Farmer says Penhold annexation plan will prove costly to producers

Tax relief for landowners affected by annexation should be extended, says farmer

A Penhold-area farmer said the town’s annexation plans will hit his wallet hard.

David Kaun said a proposal to allow landowners affected by annexation to pay the lower of Red Deer County’s or Penhold’s tax rates for 10 years should be extended to 50 years.

After the 10-year period expires, paying the town’s tax rate would boost his annual tax bill on his home quarter section by almost $4,000, Kaun told the Municipal Government Board at a public hearing on Thursday.

Kaun said the tax increase would have a “significant impact on reducing our farming profitability.”
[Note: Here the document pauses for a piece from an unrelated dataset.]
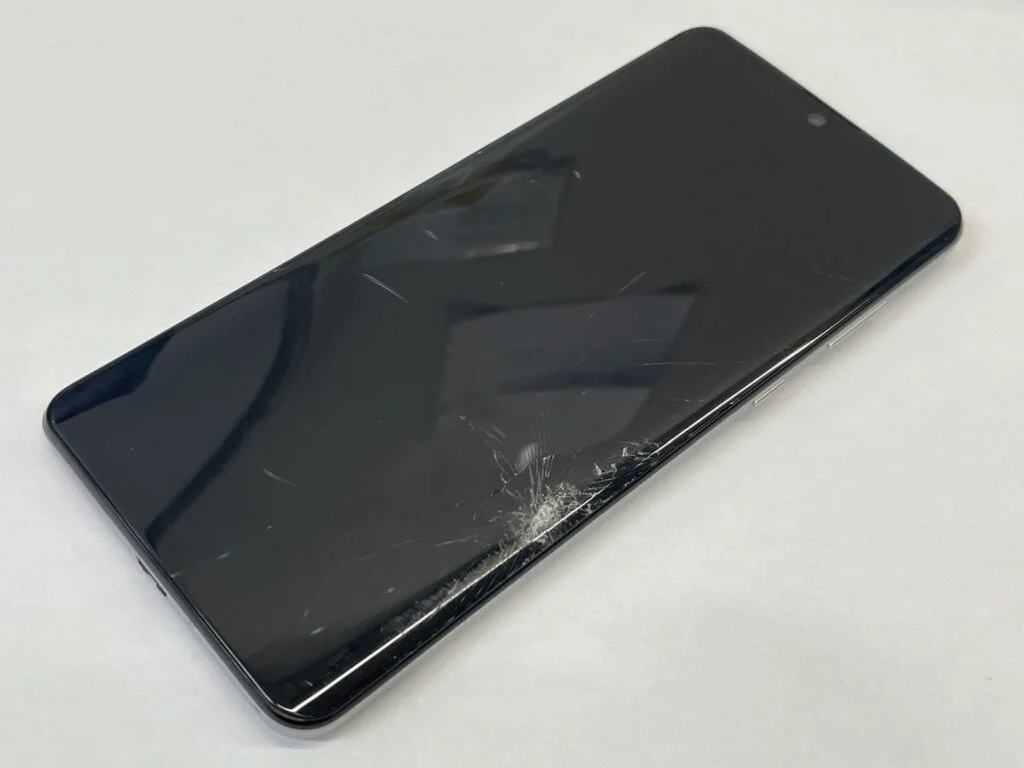 AQUOS EVER SH-04G 画面割れ修理 — 修理の様子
If the land does not get developed for decades, the total amount of additional taxes paid would be about $40,000 after 20 years based on the 2016 tax rate, he said.
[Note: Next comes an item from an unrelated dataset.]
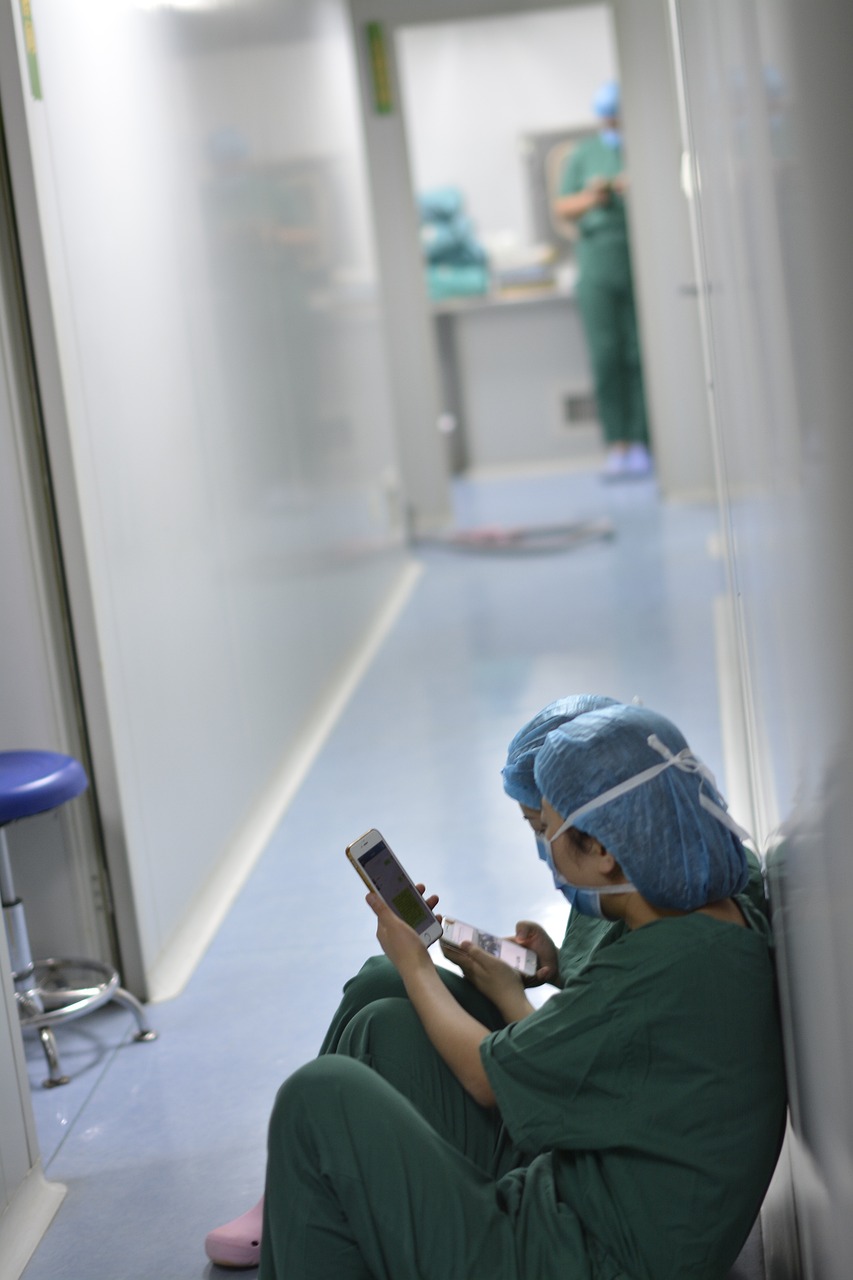 Des infirmières épuisées font une pause dans un couloir d'hôpital | Source : Pixabay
Other landowners nearby share his concerns, he said.

The town is aware of the financial concerns some landowners have with the annexation proposal, said Craig Teal, director of Parkland Community Planning Services.

Allowing the lower tax rates for 10 years was seen as a way to address that.

Annexation could also mean a financial windfall for landowners whose land is scooped up for development.

Owners of farmland will see the value of their land increased when it becomes a prospect for residential development. Farmland in the area typically sells for $1,500 to $2,000 per acre, while residential-zoned land goes for $10,000 to $15,000 per acre, said Teal.

“There is a potential capital gain waiting for the landowners,” he told the thee-person Municipal Government Board panel. “It’s just the timing is uncertain.”

Penhold has also worked out a five-year tax-sharing agreement with Red Deer County, which supports the annexation proposal. The county will receive all of the taxes from the annexed land in the first year. In the second year, it will drop to 80 per cent, the third year to 60 per cent and so on.